▶ What to produce
Print only the lines below from the one with "推定1歳半頃の人馴れ抜群な黒猫ボーイ！" to the one with "Haardhout bijna gratis, Tuin", both included, exactly as they stand. Leave pictures out.

▶ Records for the exercise

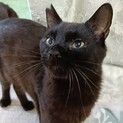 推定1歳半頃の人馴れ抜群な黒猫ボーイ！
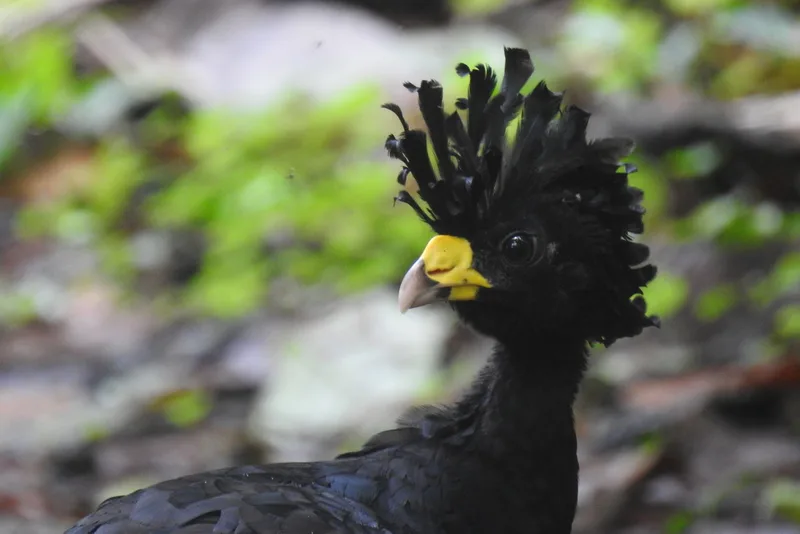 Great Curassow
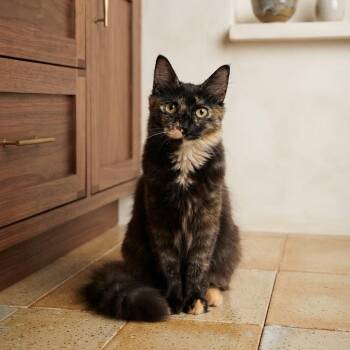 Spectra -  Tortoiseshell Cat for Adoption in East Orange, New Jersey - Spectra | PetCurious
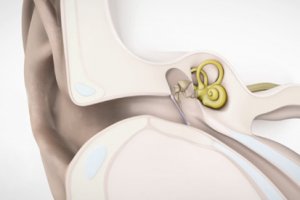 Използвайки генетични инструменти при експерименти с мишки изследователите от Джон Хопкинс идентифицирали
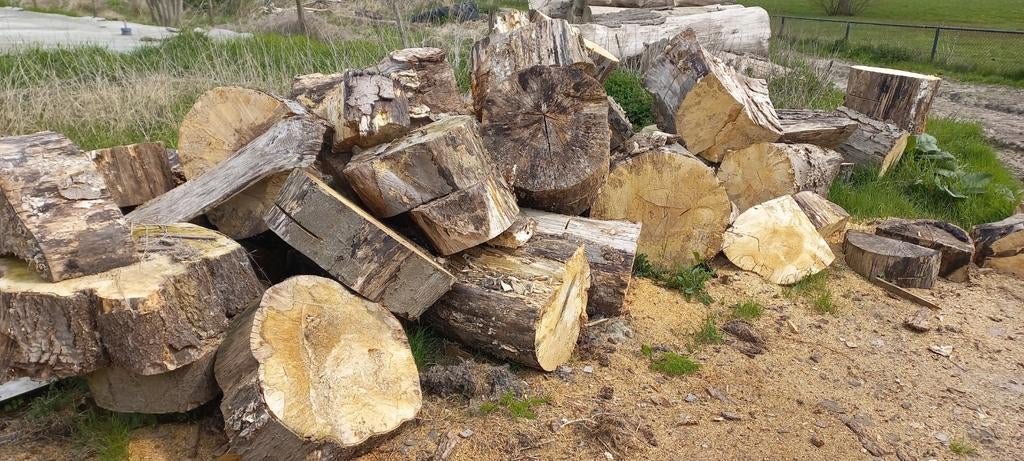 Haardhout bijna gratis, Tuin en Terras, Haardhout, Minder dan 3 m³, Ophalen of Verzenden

---

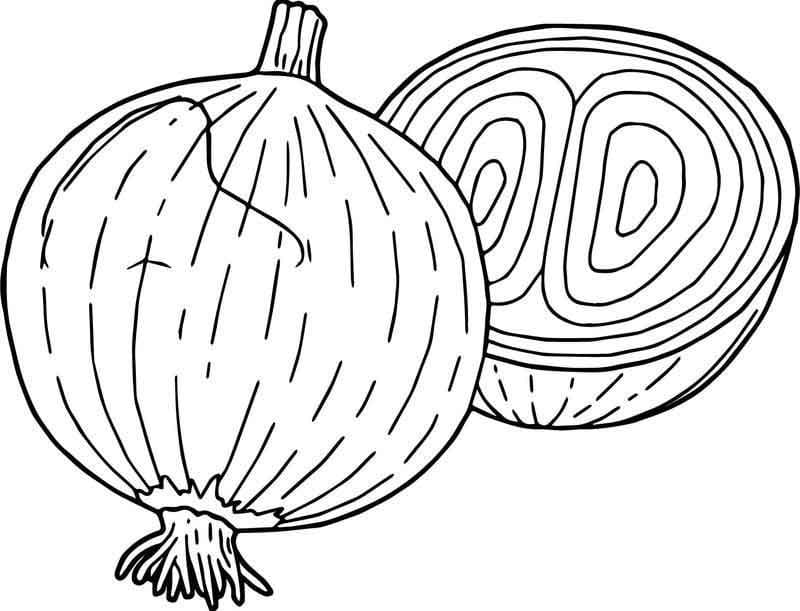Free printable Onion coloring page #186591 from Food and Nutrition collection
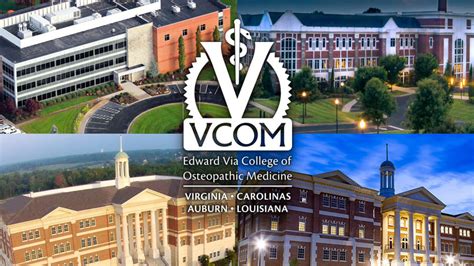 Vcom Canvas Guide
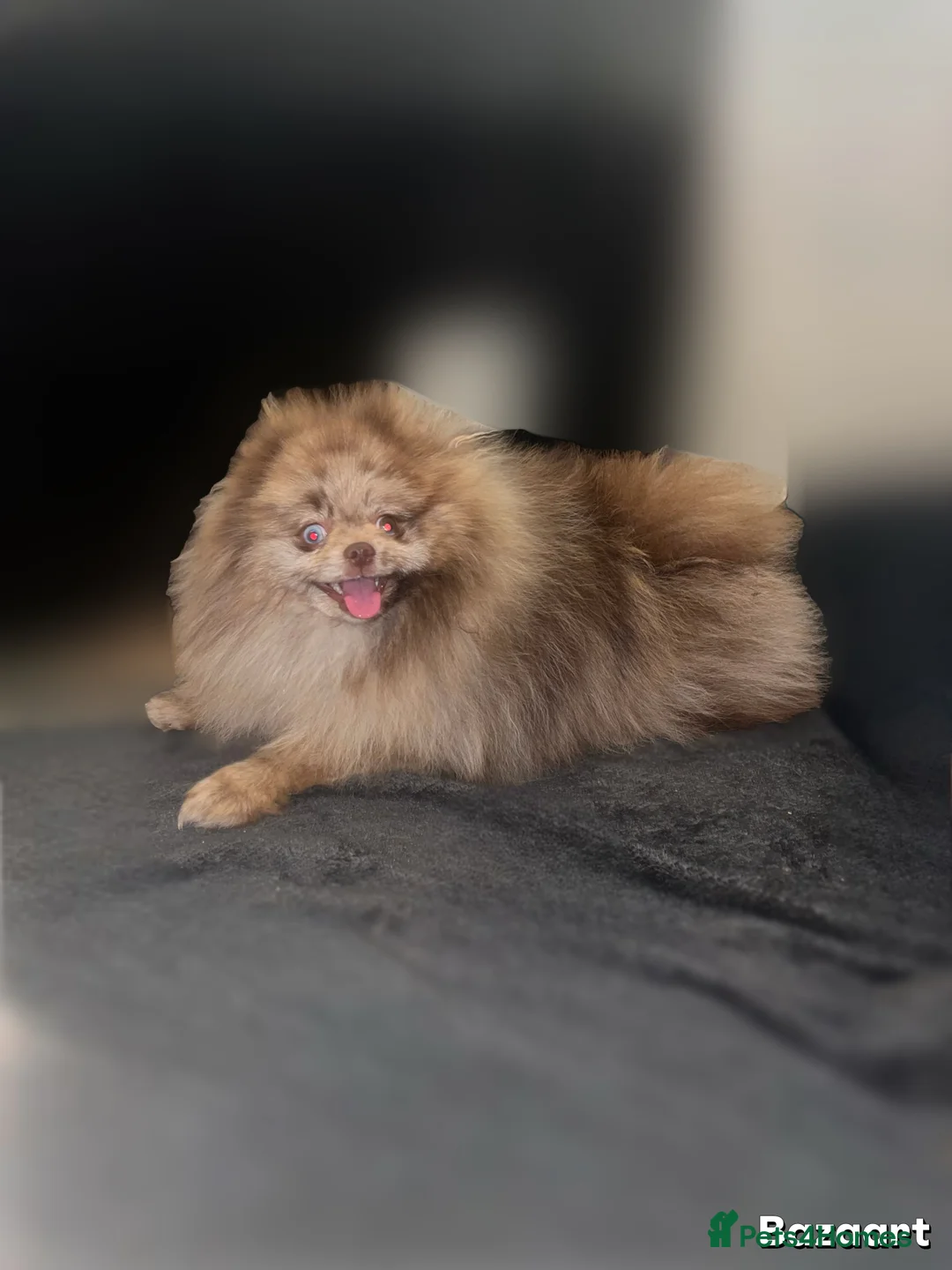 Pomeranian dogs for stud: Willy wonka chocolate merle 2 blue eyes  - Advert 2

▶ Result of this task
 推定1歳半頃の人馴れ抜群な黒猫ボーイ！
 Great Curassow
 Spectra -  Tortoiseshell Cat for Adoption in East Orange, New Jersey - Spectra | PetCurious
 Използвайки генетични инструменти при експерименти с мишки изследователите от Джон Хопкинс идентифицирали
 Haardhout bijna gratis, Tuin en Terras, Haardhout, Minder dan 3 m³, Ophalen of Verzenden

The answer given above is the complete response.